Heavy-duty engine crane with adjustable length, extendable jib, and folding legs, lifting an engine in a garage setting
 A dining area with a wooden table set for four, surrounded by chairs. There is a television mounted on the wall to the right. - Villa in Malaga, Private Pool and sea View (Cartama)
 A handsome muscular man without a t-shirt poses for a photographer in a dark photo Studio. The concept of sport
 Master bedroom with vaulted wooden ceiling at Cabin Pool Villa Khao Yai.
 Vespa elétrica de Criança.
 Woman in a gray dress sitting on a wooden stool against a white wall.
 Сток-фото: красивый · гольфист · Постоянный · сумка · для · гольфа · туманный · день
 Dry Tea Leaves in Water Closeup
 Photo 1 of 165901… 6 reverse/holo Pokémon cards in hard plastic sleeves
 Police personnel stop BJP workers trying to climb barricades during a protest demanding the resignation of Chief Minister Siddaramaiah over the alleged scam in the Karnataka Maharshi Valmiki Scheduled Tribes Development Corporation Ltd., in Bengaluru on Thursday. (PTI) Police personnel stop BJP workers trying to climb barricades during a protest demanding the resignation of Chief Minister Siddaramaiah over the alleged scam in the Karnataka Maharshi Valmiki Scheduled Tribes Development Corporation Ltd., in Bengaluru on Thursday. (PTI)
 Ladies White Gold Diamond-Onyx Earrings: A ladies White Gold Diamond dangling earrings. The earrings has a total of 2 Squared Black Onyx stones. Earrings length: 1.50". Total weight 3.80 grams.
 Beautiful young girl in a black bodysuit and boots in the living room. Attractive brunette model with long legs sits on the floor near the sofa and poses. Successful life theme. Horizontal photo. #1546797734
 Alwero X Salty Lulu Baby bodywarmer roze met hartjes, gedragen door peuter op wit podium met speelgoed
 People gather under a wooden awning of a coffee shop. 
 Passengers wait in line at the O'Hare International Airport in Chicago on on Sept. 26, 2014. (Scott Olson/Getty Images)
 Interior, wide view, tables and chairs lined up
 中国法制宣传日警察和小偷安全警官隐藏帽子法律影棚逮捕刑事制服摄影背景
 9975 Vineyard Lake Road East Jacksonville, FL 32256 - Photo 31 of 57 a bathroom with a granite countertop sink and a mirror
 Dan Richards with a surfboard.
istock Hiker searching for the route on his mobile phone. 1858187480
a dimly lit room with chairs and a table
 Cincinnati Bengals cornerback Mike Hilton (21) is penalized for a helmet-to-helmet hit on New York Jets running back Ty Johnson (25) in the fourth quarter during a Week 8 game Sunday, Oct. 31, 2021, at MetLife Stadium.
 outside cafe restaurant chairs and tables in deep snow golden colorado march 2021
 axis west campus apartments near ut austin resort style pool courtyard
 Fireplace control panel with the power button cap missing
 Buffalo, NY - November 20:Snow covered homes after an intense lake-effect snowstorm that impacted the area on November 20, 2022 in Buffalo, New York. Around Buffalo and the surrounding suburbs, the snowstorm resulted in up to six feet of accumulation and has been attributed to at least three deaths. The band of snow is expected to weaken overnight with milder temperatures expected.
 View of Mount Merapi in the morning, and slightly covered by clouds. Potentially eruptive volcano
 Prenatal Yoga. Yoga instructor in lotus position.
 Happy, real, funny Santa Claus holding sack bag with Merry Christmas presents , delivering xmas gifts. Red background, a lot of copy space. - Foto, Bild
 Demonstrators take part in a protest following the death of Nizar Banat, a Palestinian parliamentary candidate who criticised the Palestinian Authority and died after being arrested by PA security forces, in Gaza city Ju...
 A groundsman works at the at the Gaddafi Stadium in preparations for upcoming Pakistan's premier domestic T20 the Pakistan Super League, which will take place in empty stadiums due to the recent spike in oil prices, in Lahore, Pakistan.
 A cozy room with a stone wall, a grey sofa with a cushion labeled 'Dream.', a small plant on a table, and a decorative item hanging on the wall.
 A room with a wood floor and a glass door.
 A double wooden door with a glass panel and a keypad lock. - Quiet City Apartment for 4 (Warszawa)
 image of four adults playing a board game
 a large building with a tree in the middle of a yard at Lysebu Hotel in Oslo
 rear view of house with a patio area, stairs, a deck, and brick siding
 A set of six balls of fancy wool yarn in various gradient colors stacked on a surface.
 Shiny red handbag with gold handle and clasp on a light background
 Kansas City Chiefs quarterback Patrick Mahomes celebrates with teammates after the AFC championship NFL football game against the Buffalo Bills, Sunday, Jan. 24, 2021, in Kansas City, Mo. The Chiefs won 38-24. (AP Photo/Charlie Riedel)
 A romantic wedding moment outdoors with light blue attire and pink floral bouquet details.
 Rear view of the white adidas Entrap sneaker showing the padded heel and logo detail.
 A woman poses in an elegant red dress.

- Exercise directions -
Which lines above hold the string "York"? Show each of them.

- Exercise result -
 Cincinnati Bengals cornerback Mike Hilton (21) is penalized for a helmet-to-helmet hit on New York Jets running back Ty Johnson (25) in the fourth quarter during a Week 8 game Sunday, Oct. 31, 2021, at MetLife Stadium.
 Buffalo, NY - November 20:Snow covered homes after an intense lake-effect snowstorm that impacted the area on November 20, 2022 in Buffalo, New York. Around Buffalo and the surrounding suburbs, the snowstorm resulted in up to six feet of accumulation and has been attributed to at least three deaths. The band of snow is expected to weaken overnight with milder temperatures expected.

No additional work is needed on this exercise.